The manufacture of certain types of multi-layer circuit boards involves laminating a plurality of board layers, each of the layers having circuit patterns on both major surfaces thereof, into an interleaved structure with dielectric bonding layers. Such a laminating operation is typically a thermo-compressive operation. The laminated panels or blanks are further processed into multi-layer boards by such operations as, for example, drilling and metallizing via holes, and photo-lithographically defining circuit patterns in outer foil sheets of such blanks.
The laminated blanks and the completed multi-layer circuit boards exhibit a tendency to warp over a period of time. However, a drying operation included in the manufacturing process after the laminating step and after any subsequent wet treatments stabilizes the laminated structure sufficiently to eliminate any perceptible amount of warping. However, during the drying operation itself, the blanks need to be weighted down to retain their shape.
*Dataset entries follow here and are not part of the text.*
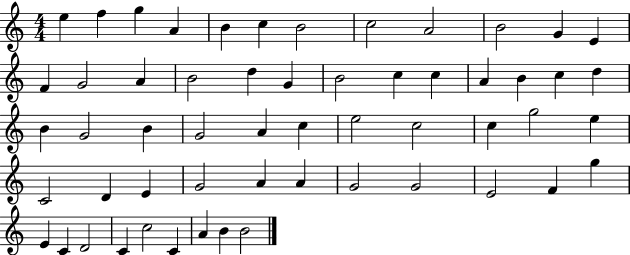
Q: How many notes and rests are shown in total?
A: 56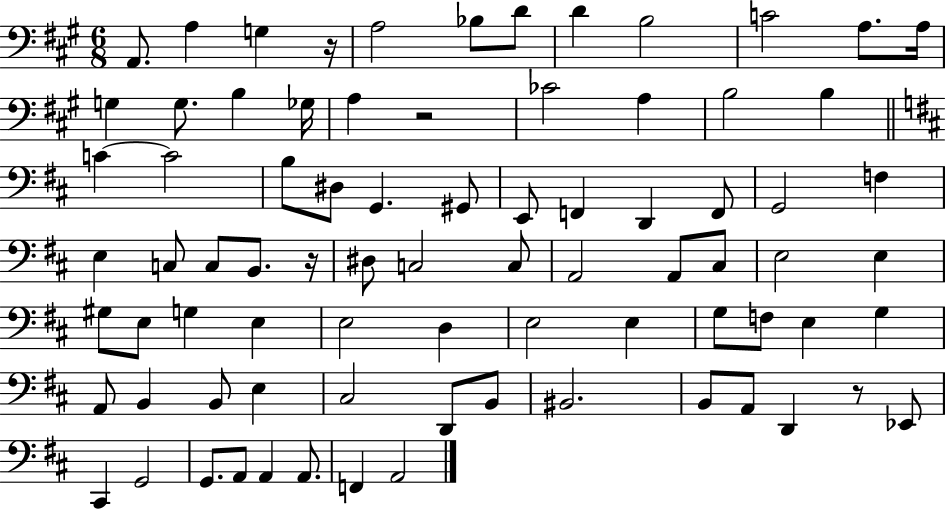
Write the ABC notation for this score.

X:1
T:Untitled
M:6/8
L:1/4
K:A
A,,/2 A, G, z/4 A,2 _B,/2 D/2 D B,2 C2 A,/2 A,/4 G, G,/2 B, _G,/4 A, z2 _C2 A, B,2 B, C C2 B,/2 ^D,/2 G,, ^G,,/2 E,,/2 F,, D,, F,,/2 G,,2 F, E, C,/2 C,/2 B,,/2 z/4 ^D,/2 C,2 C,/2 A,,2 A,,/2 ^C,/2 E,2 E, ^G,/2 E,/2 G, E, E,2 D, E,2 E, G,/2 F,/2 E, G, A,,/2 B,, B,,/2 E, ^C,2 D,,/2 B,,/2 ^B,,2 B,,/2 A,,/2 D,, z/2 _E,,/2 ^C,, G,,2 G,,/2 A,,/2 A,, A,,/2 F,, A,,2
Thus, in accordance with existing techniques, a plurality of the blanks are loaded in stacks onto flat support surfaces in the form of shelves of a rack referred to as a baking rack. Each of the stacks of laminated blanks is then weighted down by a flat, distributive weight plate, which an operator places on top of each of the stacks in the rack. The rack, which is typically equipped with wheels or casters is then rolled into a room-size treating chamber, such as a baking oven.
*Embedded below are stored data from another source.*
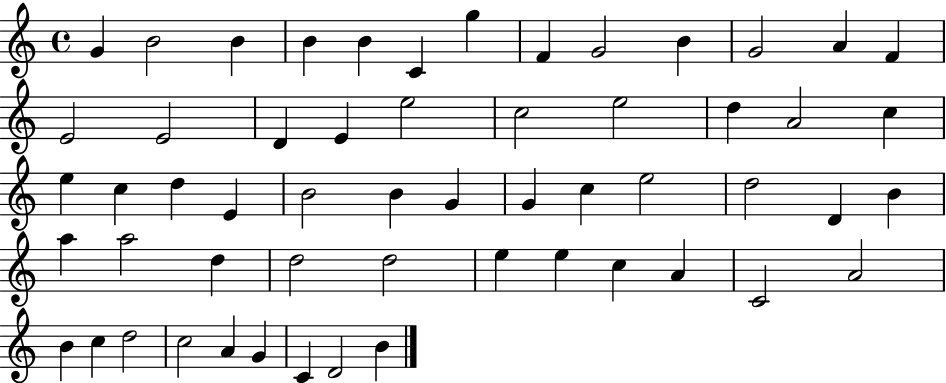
{
  \clef treble
  \time 4/4
  \defaultTimeSignature
  \key c \major
  g'4 b'2 b'4 | b'4 b'4 c'4 g''4 | f'4 g'2 b'4 | g'2 a'4 f'4 | \break e'2 e'2 | d'4 e'4 e''2 | c''2 e''2 | d''4 a'2 c''4 | \break e''4 c''4 d''4 e'4 | b'2 b'4 g'4 | g'4 c''4 e''2 | d''2 d'4 b'4 | \break a''4 a''2 d''4 | d''2 d''2 | e''4 e''4 c''4 a'4 | c'2 a'2 | \break b'4 c''4 d''2 | c''2 a'4 g'4 | c'4 d'2 b'4 | \bar "|."
}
Problems have been experienced in the past in that operators have been exposed to the possibility of injury while they lifted the weights onto the stacks, particularly while they lifted the weights to the uppermost shelves of the rack. Also, an oversight of an operator to weight down a stack of circuit board blanks prior to placing the rack into the baking oven causes such blanks to warp and renders the blanks useless.